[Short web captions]

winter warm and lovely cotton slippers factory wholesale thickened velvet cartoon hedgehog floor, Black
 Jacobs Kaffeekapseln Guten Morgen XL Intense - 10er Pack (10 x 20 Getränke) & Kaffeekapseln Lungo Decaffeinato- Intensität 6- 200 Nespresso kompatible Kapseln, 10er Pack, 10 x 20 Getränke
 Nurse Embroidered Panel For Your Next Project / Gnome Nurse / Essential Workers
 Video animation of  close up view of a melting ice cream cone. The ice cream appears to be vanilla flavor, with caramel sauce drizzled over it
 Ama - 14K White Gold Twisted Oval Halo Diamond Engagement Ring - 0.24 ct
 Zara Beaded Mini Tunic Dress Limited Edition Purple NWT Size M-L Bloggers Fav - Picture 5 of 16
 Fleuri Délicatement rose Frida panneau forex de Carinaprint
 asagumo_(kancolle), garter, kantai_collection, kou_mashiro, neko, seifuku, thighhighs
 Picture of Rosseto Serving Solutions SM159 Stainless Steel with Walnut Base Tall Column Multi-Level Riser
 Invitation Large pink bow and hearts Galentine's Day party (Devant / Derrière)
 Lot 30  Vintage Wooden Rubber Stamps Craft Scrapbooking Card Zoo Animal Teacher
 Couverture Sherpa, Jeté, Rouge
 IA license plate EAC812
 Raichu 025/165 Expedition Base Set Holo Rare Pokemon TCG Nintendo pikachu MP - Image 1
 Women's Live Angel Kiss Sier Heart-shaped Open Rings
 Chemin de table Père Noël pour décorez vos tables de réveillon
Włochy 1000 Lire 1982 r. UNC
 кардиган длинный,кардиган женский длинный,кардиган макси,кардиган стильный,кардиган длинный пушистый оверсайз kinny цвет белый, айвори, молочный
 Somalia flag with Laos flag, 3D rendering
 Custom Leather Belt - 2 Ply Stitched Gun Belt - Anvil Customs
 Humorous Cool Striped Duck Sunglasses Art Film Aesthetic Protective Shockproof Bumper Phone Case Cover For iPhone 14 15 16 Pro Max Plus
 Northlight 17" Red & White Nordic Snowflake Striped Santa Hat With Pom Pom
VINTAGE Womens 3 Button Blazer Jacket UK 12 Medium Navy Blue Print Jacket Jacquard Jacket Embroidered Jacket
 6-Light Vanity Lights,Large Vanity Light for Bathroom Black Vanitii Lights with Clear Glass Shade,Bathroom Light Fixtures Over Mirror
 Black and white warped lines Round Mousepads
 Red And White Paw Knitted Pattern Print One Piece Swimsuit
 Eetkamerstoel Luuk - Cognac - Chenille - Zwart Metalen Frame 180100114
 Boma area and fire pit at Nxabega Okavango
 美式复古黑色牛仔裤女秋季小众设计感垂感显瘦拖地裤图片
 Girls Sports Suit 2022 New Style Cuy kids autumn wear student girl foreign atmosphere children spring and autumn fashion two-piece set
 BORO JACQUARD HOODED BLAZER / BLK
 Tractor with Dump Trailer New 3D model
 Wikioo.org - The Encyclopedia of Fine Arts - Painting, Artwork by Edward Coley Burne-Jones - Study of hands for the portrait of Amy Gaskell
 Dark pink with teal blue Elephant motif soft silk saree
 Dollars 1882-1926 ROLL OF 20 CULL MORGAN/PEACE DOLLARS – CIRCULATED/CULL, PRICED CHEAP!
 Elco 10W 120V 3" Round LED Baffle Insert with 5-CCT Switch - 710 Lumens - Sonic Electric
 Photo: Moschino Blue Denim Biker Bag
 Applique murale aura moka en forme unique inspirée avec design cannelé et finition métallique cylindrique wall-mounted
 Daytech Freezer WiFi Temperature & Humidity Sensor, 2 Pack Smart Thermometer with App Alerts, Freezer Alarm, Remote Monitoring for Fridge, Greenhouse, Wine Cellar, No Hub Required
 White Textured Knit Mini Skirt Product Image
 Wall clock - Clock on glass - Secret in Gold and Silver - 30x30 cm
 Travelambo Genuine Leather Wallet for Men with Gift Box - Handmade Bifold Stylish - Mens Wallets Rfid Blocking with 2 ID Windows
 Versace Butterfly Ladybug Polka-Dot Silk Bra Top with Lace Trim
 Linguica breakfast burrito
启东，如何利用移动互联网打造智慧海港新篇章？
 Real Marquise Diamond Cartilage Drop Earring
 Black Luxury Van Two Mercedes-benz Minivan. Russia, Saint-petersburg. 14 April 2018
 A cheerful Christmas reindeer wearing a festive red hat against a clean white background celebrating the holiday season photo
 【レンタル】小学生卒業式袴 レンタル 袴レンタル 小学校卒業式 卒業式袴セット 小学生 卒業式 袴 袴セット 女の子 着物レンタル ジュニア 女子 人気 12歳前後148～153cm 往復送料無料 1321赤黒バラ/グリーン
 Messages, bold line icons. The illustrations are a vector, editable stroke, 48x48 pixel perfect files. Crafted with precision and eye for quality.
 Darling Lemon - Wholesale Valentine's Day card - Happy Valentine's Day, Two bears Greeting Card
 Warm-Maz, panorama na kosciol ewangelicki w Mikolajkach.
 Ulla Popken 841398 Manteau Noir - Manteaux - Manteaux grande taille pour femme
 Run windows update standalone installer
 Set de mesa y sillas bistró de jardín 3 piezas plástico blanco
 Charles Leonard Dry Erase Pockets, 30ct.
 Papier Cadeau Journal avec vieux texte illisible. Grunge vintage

PROBLEM :: From the first line of the data above to the line holding "neko, seifuku, thighhighs", reproduce each line exactly; emit no other lines.

RESPONSE ::
winter warm and lovely cotton slippers factory wholesale thickened velvet cartoon hedgehog floor, Black
 Jacobs Kaffeekapseln Guten Morgen XL Intense - 10er Pack (10 x 20 Getränke) & Kaffeekapseln Lungo Decaffeinato- Intensität 6- 200 Nespresso kompatible Kapseln, 10er Pack, 10 x 20 Getränke
 Nurse Embroidered Panel For Your Next Project / Gnome Nurse / Essential Workers
 Video animation of  close up view of a melting ice cream cone. The ice cream appears to be vanilla flavor, with caramel sauce drizzled over it
 Ama - 14K White Gold Twisted Oval Halo Diamond Engagement Ring - 0.24 ct
 Zara Beaded Mini Tunic Dress Limited Edition Purple NWT Size M-L Bloggers Fav - Picture 5 of 16
 Fleuri Délicatement rose Frida panneau forex de Carinaprint
 asagumo_(kancolle), garter, kantai_collection, kou_mashiro, neko, seifuku, thighhighs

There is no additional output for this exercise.